Most telling of all is that Victoria's Secret's attempt at seriousness is already dated. 2023 has been the year of reclaiming girlhood. Between Taylor Swift, Beyoncé and Barbie, the exact audience VS hopes to recapture is shouting from the rooftops that it wants the girly and the pink. Gray and beige are out. After years of survival mode, female consumers are saying it's time for play.
2023 was the perfect opportunity to reintroduce the Victoria's Secret fashion show. Instead, the company opted for virtue-signaling an inclusiveness that it should have had a decade ago and still can't seem to make good on. VS wants to have its cake and eat it, too ... and still be skinny.

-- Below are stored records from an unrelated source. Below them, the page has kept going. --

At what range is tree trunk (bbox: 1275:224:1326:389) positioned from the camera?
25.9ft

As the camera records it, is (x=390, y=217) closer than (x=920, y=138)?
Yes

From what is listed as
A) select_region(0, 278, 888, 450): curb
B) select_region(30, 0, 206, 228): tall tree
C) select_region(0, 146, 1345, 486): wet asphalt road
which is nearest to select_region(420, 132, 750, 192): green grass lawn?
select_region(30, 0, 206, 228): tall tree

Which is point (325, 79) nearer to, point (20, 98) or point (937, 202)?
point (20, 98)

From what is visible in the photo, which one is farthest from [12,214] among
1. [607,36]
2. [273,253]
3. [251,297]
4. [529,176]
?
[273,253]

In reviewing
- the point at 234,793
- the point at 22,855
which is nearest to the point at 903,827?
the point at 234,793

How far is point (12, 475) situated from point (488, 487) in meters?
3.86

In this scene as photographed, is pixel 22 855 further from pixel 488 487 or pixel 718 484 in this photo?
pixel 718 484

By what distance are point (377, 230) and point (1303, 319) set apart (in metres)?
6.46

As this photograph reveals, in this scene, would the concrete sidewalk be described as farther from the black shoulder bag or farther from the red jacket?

Like all creative efforts, "The Tour" begs questions of intention and purpose: What is the purpose of a lingerie brand's fashion show? Is it to educate us about interculturality, diversity and political unrest — or is it to arouse viewers? Is it the proper platform for discourse on ageism and sexism — or is it a flashy ad? Does Victoria's Secret need to be experimental — or can it just be thoughtful? Must something be serious to be beautiful — or can fun be transcendent precisely because it is fun?
I had high hopes for what many other reviews are calling for: a return to Victoria's Secret with models of various sizes, ethnicities and abilities. While we wait to see if the brand tries again or collapses all together, I think I'll stick with the one thing that hasn't changed: its sickly sweet perfume spray. It goes with every body.